§ **Task details**: Reproduce, from the lines below, exactly the stretch that begins at the line containing "Pansy Aalsmeer Giants King size mix" and ends at the line containing "Я люблю тебя", both included.

§ **Given records**:
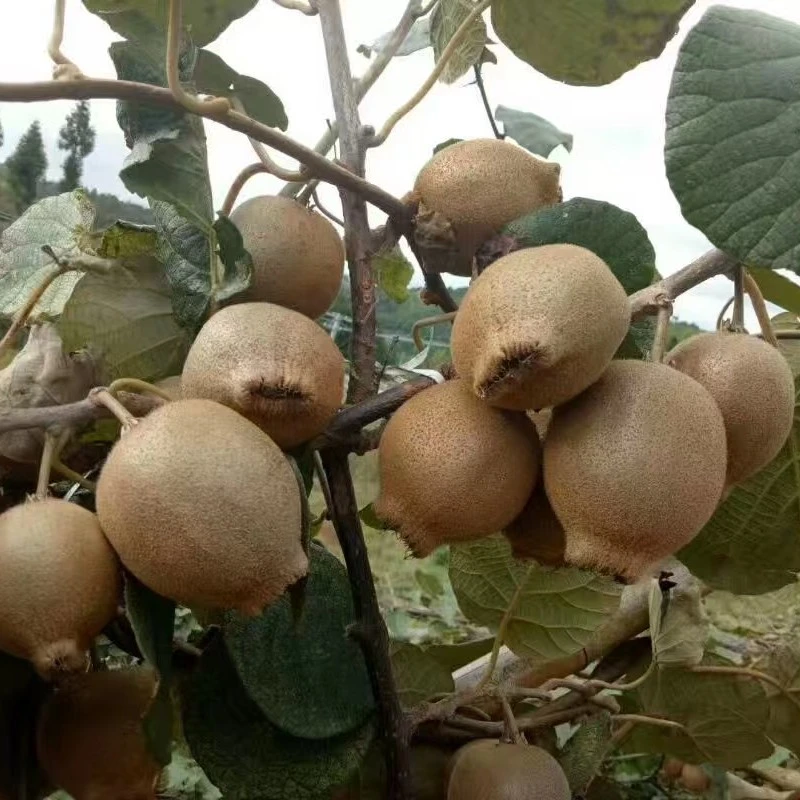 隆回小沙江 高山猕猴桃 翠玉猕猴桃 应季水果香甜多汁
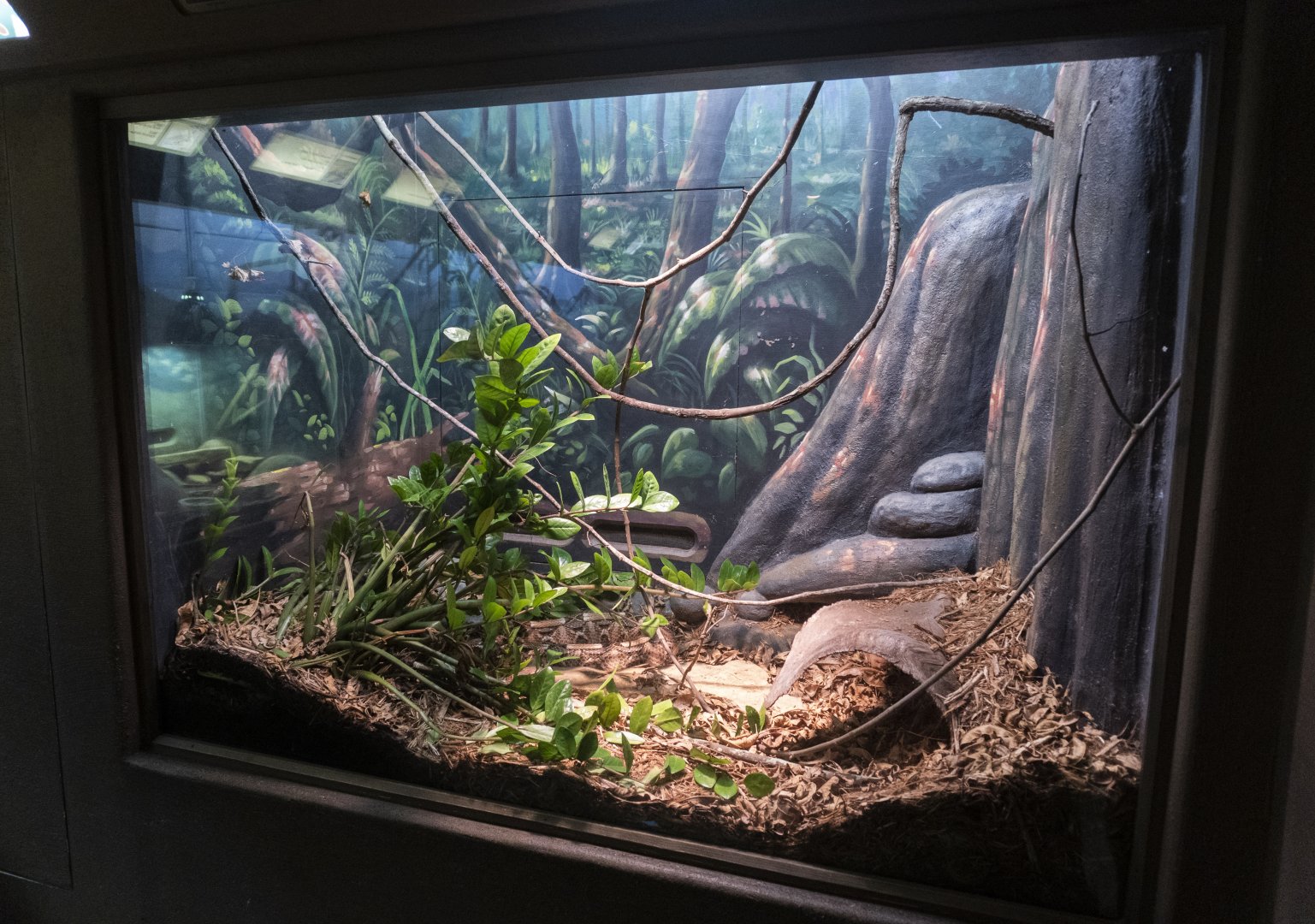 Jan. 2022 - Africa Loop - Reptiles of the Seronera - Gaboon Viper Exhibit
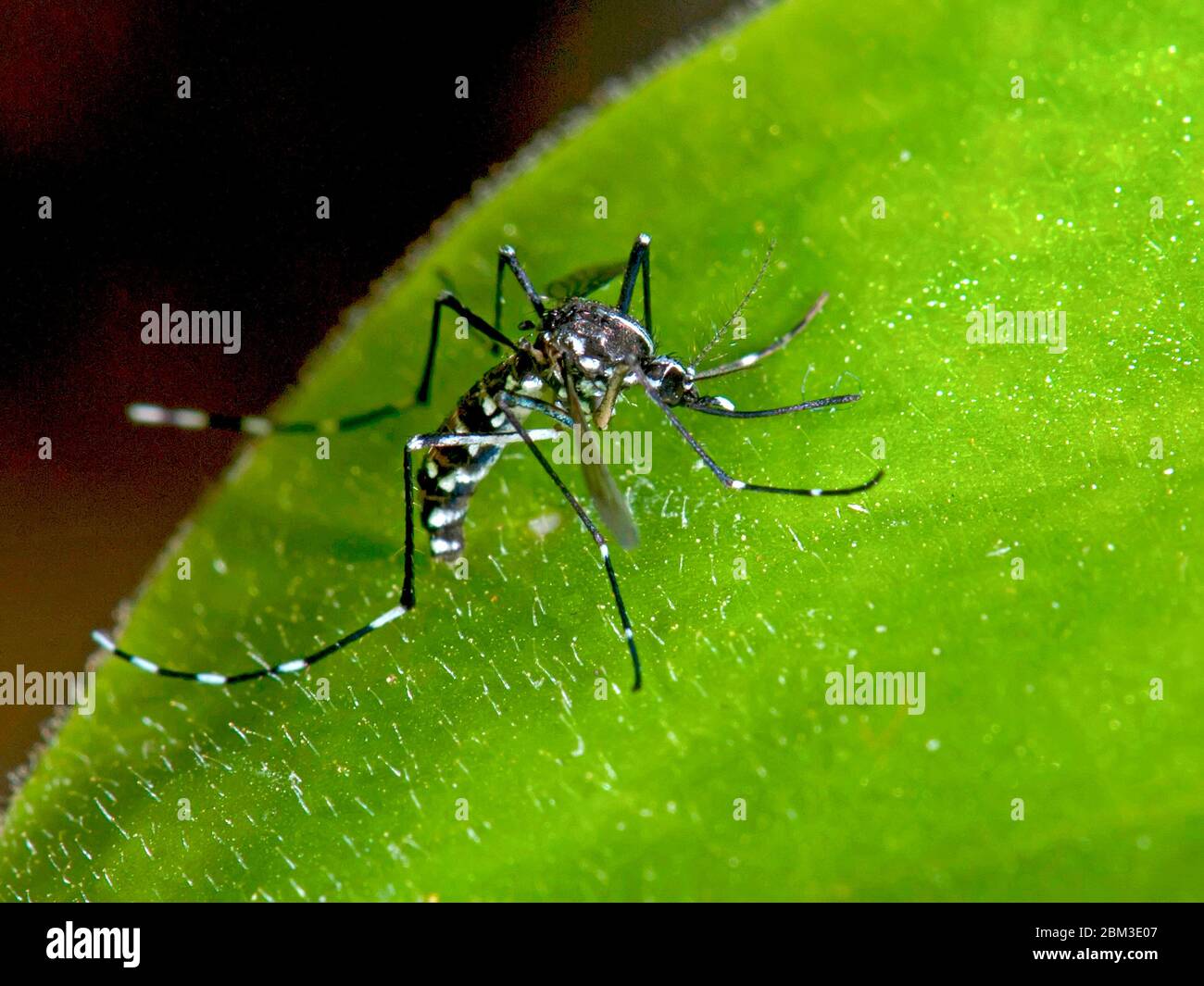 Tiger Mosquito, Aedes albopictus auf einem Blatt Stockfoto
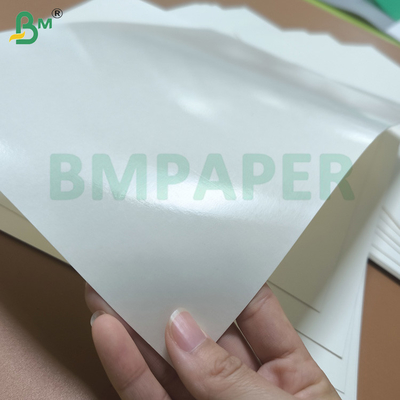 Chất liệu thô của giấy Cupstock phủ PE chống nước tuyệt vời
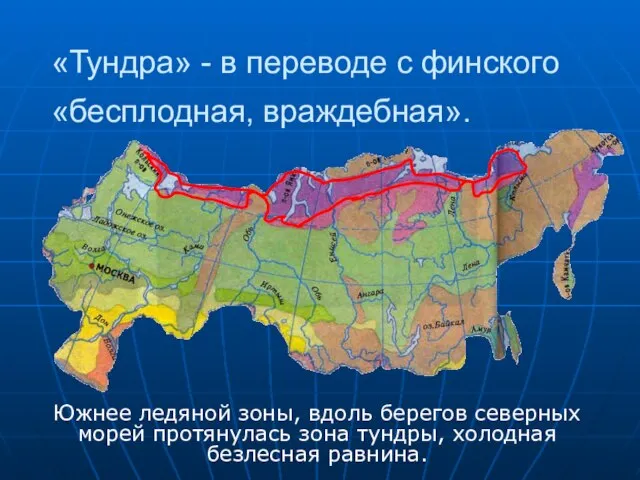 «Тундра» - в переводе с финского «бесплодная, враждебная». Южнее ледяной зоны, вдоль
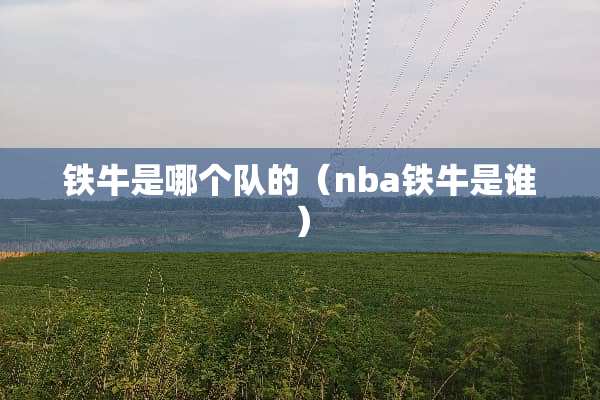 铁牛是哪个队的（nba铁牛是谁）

---

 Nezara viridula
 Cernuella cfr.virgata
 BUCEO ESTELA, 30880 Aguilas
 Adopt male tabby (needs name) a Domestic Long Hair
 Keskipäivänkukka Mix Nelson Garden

==

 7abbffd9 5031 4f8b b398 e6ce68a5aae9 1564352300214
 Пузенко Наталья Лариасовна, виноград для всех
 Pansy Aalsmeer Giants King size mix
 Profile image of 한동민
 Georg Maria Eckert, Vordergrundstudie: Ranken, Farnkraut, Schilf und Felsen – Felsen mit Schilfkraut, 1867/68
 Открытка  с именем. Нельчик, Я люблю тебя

§ **Final answer**:
 Pansy Aalsmeer Giants King size mix
 Profile image of 한동민
 Georg Maria Eckert, Vordergrundstudie: Ranken, Farnkraut, Schilf und Felsen – Felsen mit Schilfkraut, 1867/68
 Открытка  с именем. Нельчик, Я люблю тебя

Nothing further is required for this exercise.